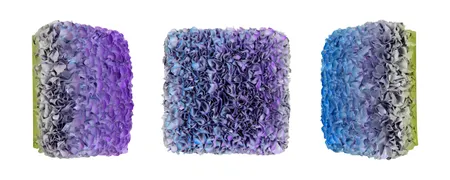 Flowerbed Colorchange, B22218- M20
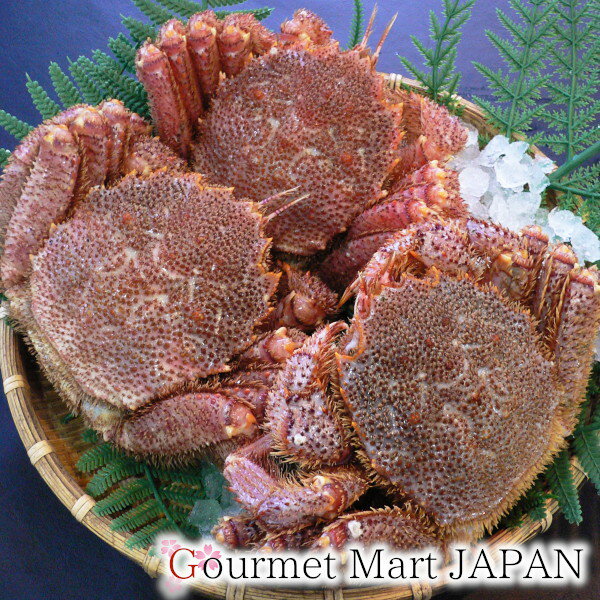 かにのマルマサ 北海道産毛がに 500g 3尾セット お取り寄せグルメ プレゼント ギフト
==
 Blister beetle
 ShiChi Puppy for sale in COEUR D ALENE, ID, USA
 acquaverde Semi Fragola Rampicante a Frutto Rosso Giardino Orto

▸ Activity
From the line that has "ShiChi Puppy for" through the line that has "acquaverde Semi Fragola", copy every line exactly as it appears above, and leave out all others.

▸ Result of this task
 ShiChi Puppy for sale in COEUR D ALENE, ID, USA
 acquaverde Semi Fragola Rampicante a Frutto Rosso Giardino Orto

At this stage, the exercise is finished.